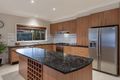 Property photo of 4 Cassowary Road South Morang VIC 3752
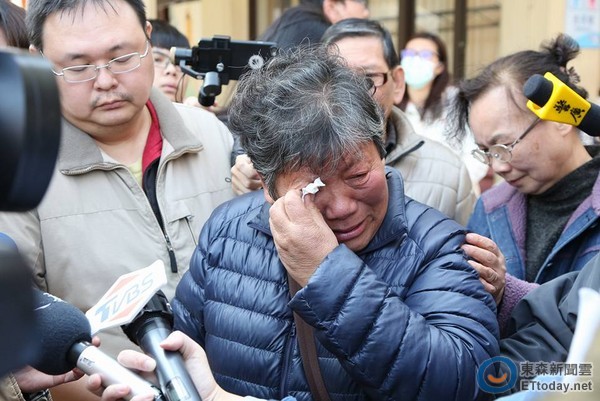 �u��(n��i)�p�����[܇���� �_(t��i)���п���(hu��)���J(r��n)˾�C(j��)�^��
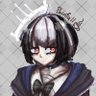 Profilbild von Painfall_ Ω (commission open)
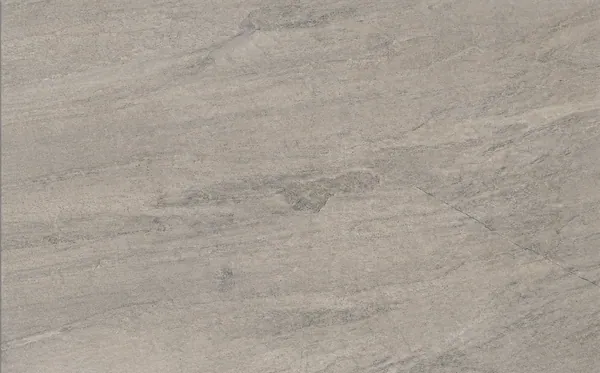 2 cm outdoor slabs, 600×900 6246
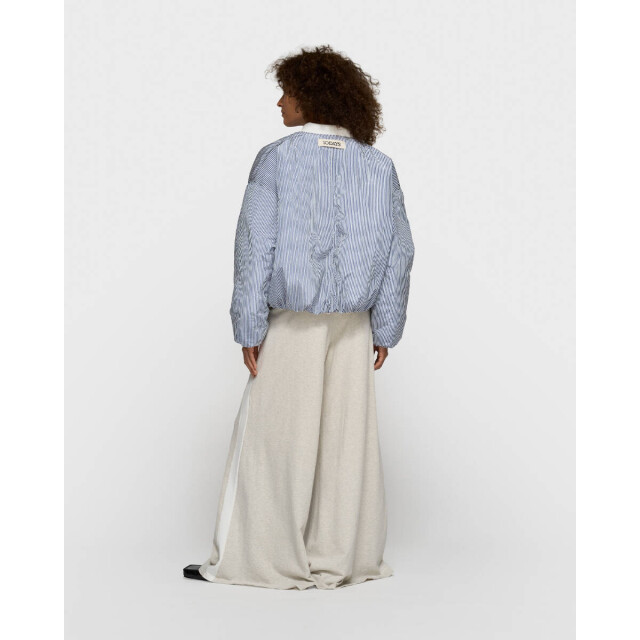 10 Days Jasje 20-502-6201 10Days Jasje 20-502-6201 large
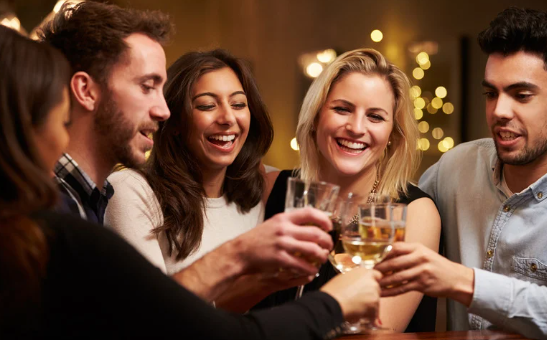 Capture D’écran 2025 12 15 145626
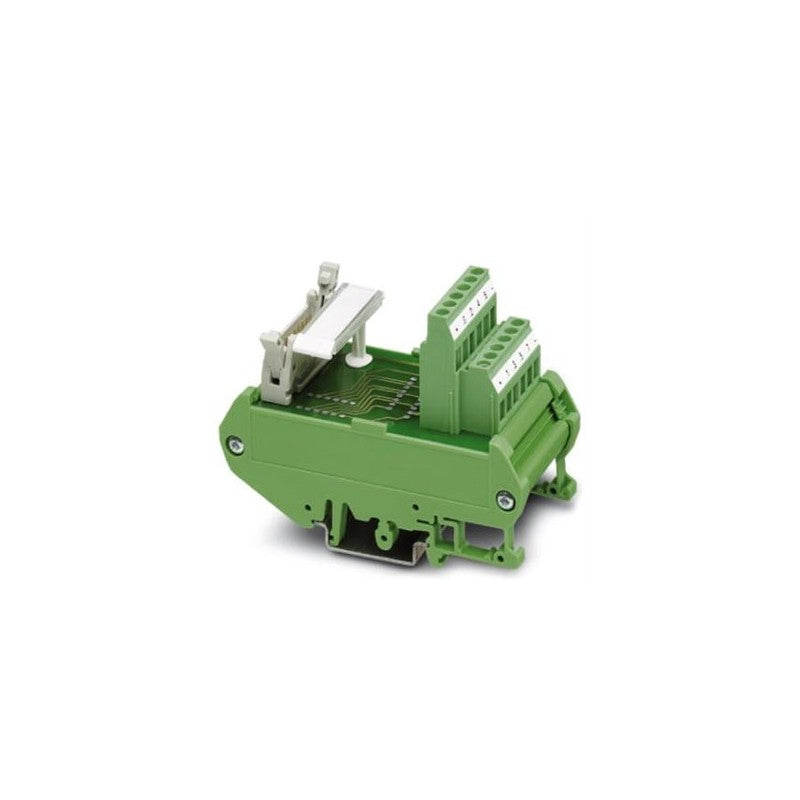PHOENIX CONTACT - 2284581 - PLC Expansion Modules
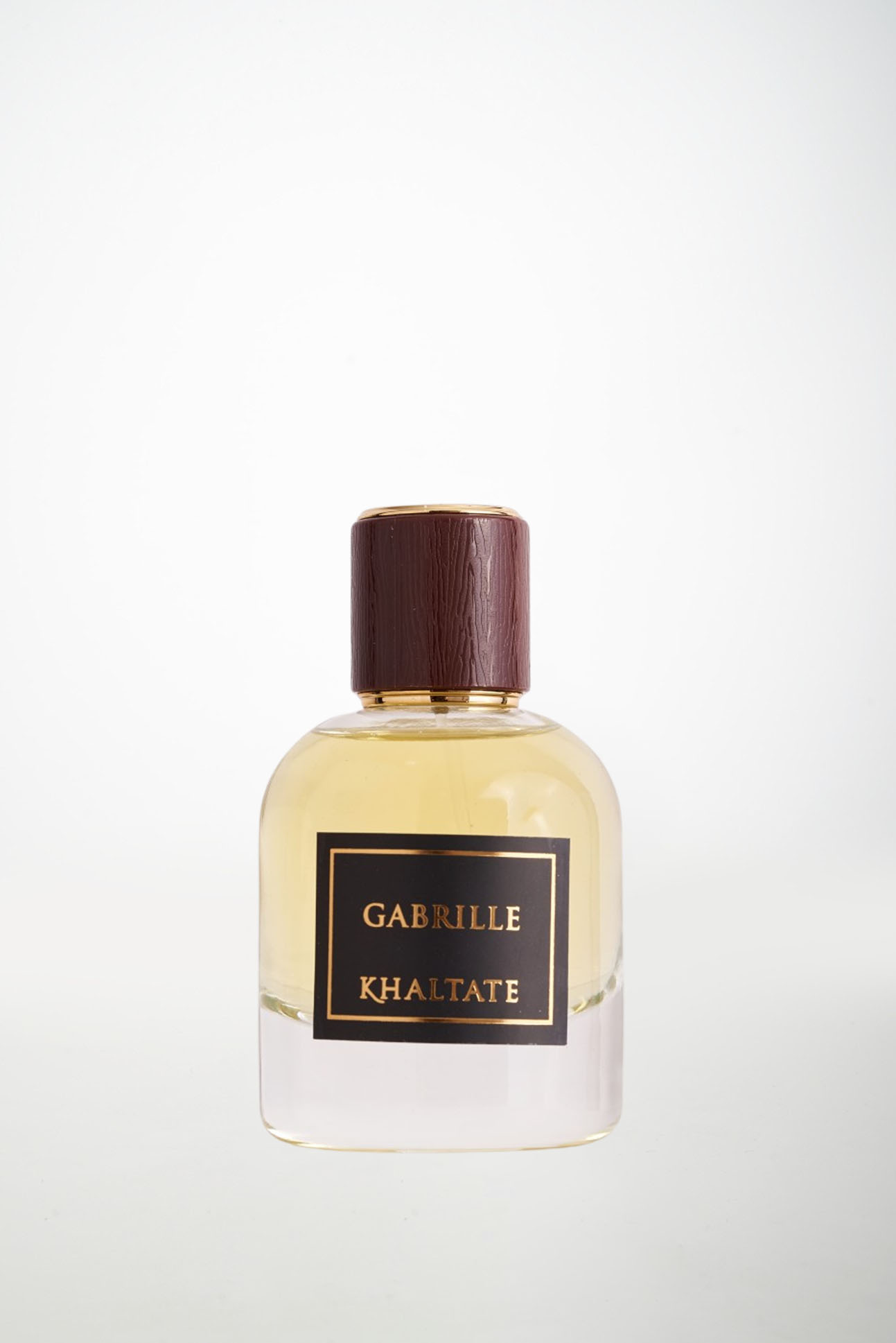 GABRILLE
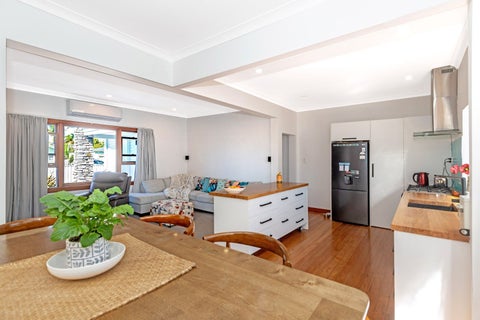 305 Kahutia Street, Gisborne, Gisborne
_ _ _ _
** Exercise **
Your task is to reproduce the entries above word for word, from the first line through the line with "10 Days Jasje", and please leave out any pictures.

** Written answer **
 Property photo of 4 Cassowary Road South Morang VIC 3752
 �u��(n��i)�p�����[܇���� �_(t��i)���п���(hu��)���J(r��n)˾�C(j��)�^��
 Profilbild von Painfall_ Ω (commission open)
 2 cm outdoor slabs, 600×900 6246
 10 Days Jasje 20-502-6201 10Days Jasje 20-502-6201 large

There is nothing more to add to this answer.